Introduction: The Table of Contents for Your Web Page

If you've ever opened a long article or documentation page and immediately scanned for a bold section title to get your bearings, you've already used heading tags the way they were intended - and probably without thinking about it. Headings are the structural scaffolding of a web page, the h1 being the main title and h2 through h6 creating the section and sub-section hierarchy underneath it, and they're doing three jobs simultaneously: helping sighted users scan the page, giving screen reader users a way to navigate by jumping between headings, and telling search engines what each section of your content is actually about.
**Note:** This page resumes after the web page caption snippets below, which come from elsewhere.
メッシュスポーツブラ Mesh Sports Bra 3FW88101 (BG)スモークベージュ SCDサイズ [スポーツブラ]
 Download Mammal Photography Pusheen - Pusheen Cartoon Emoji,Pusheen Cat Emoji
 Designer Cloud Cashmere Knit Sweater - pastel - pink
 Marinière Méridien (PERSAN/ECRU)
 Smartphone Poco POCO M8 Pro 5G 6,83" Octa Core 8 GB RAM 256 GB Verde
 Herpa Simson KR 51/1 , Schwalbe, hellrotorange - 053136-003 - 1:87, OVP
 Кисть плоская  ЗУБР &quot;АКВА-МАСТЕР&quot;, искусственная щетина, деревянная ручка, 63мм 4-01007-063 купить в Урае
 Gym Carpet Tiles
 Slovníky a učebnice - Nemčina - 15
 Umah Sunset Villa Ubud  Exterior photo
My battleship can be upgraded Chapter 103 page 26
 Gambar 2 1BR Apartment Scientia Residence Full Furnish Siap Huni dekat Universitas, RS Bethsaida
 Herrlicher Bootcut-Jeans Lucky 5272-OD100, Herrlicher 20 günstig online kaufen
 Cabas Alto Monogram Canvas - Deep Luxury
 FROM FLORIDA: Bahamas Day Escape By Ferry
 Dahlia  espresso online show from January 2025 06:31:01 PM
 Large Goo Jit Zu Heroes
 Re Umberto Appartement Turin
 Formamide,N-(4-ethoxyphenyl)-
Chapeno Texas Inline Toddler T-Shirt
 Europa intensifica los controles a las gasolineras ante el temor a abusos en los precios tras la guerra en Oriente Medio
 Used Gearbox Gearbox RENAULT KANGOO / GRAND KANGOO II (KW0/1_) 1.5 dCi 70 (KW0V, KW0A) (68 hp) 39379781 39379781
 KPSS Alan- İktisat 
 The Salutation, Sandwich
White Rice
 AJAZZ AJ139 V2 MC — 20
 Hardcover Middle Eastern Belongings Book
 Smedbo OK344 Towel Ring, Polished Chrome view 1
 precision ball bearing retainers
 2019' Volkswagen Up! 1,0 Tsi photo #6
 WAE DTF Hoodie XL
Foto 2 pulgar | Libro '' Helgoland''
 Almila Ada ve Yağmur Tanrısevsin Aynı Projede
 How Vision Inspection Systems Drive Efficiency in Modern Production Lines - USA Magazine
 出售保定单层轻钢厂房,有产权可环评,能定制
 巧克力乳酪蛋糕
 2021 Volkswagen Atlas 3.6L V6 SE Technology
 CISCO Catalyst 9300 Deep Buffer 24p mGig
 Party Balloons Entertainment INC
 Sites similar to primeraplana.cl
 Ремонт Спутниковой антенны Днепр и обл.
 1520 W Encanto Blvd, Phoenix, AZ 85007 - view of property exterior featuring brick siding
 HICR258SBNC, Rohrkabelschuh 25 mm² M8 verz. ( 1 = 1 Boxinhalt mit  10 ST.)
Getting heading structure right is one of those foundational habits that pays off in every direction.

Key Points

  • Structure - HTML headings provide a hierarchical outline to your content that browsers, search engines, and assistive technologies all read.
  • Navigation - Screen reader users navigate pages by jumping between headings - a proper heading structure makes the page usable for them.
  • Organization - Headings break content into scannable sections so sighted users can find what they're looking for without reading everything.

What are HTML Heading Tags?

HTML has six heading elements - h1 through h6 - and they represent a hierarchy of importance and nesting, with h1 being the top-level title and h6 being the deepest sub-section level. Browsers apply default styling that makes h1 the largest and most prominent and h6 the smallest, which is where beginners often go wrong: they pick a heading level because of how it looks visually rather than what it means structurally. That's backwards. You choose the heading level based on where it sits in your document's hierarchy, and then you use CSS to make it look however the design requires.

html
1<h1>Main Title of the Page (The Most Important)</h1>
2<h2>Chapter 1: The Beginning</h2>
3<h3>Section 1.1: The First Steps</h3>
4<h3>Section 1.2: The Initial Challenges</h3>
5<h2>Chapter 2: The Development</h2>
6<h3>Section 2.1: Key Learnings</h3>
7<h4>Sub-section 2.1.1: A Specific Detail</h4>
8<h2>Chapter 3: The Conclusion</h2>

Key Points

  • Hierarchy - Six levels from h1 (most important, top level) to h6 (least important, deepest nesting). Each level should only appear inside a section of the level above it.
  • Semantic meaning - The heading level communicates structural position in the document, not visual size. Choose based on meaning.
  • CSS for styling - Visual size and appearance are controlled entirely with CSS - there's no reason to pick a heading level for how it looks by default.

The Six Levels of Headings Explained

In practice most pages only use h1 through h3 regularly, with h4 showing up occasionally in complex content and h5 and h6 being genuinely rare outside of technical documentation, legal text, and academic articles - the kind of content that needs multiple levels of nested sub-sections. Knowing all six exists is useful; knowing you don't need to manufacture reasons to use h5 is equally useful.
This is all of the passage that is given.